Dal GIORNALE del 9 marzo 2007 la realistica analisi di Fiamma Nirenstein:
Domenica il premier israeliano Ehud Olmert incontrerà il presidente dell’Autonomia palestinese Abu Mazen; tra pochi giorni a Bagdad si terrà il summit in cui Condoleezza Rice parlerà direttamente con iraniani e siriani sulla sicurezza in Irak; fra tre settimane ci sarà il summit arabo di Riad in cui i sauditi dovrebbero rinfrescare la loro proposta di pace del 2002.
Prima di avventurarsi in previsioni e speranze di qualche passo avanti, però, sarà bene guardarsi intorno nel Medio Oriente per cercare di capire cosa succede tra Israele e i palestinesi. Anche il ministro degli Esteri italiano Massimo D’Alema dovrebbe cercare di farlo senza gli occhiali dell’ideologia: tra i leader europei è quello che più di ogni altro ha deciso che di fatto l’accordo della Mecca dell’8 febbraio fra Hamas e Fatah ha significato l’implicito riconoscimento dello Stato d’Israele; e che di conseguenza l’Europa, che insiste sulle condizioni del Quartetto (riconoscimento di Israele, fine del terrorismo, rispetto degli accordi già raggiunti), deve riaprire le strade diplomatiche e i cordoni della borsa. La strada palestinese racconta chiaramente lo stato delle cose: a Khan Yunis, all’ingresso del negozietto di musica di Mohammed al Shaer c’è un avviso: quelle vendite sono haram, proibite dall’Islam. Mohammed non ci ha fatto caso finché una bomba gli ha fatto saltare in aria il negozio. Intorno, decine di Internet café, negozi di musica e farmacie sono saltati in aria da ottobre. Volantini con le rivendicazioni di un gruppo, «La spada dell’islam», hanno fatto parlare della branca di Al Qaida installatasi a Gaza, ma la radicalizzazione religiosa in realtà ha origine dal grande potere di Hamas.

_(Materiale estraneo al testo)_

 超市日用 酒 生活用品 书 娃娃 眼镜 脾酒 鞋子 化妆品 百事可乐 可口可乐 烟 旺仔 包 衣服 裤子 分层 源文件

Anche i delitti d’onore hanno avuto un picco. E il ministero dell’Educazione ha ordinato di togliere dal mercato un’antologia di famose storie popolari narrate da donne palestinesi perché, dice il ministro Nasser Shaer, il libro «è pieno di espressioni sessuali». Il fatto che Hamas, che sta per formare un governo
Fatah, si impegni a consolidare nei Territori palestinesi un piccolo Iran sunnita, dimostra che ha acquistato una forza che lo guida nelle sue scelte anche di politica interna, che rispecchia la sua determinazione a riconquistare all’Islam tutta la Terra, «dal fiume al mare», come dicono. Hamas è sicuro che il suo messaggio egemonico integralista sia anche un «asset» strategico che dà coesione e rapporti internazionali utili, un vantaggio per la vittoria totale. Lo testimonia anche l’integralismo dei libri di testo delle scuole, mirati alla costruzione di una mente palestinese jihadista e alla sparizione di Israele. Il mondo palestinese non si aspetta la pace, né la richiede. Un ministro del precedente governo di Fatah, Abu Ali Shahini, ha risposto alle critiche di Al Zawahiri, il vice di Bin Laden, sui contatti di Abu Mazen con gli americani dicendo: «Fate a Bush quello che volete, vi auguriamo il successo... Noi combattiamo gli americani e li odiamo più di voi». Ma nuove voci sostengono che «Hamas è pronto a una tregua», e l’Occidente si mette in religioso ascolto, fino alla prossima decisa, indignata smentita.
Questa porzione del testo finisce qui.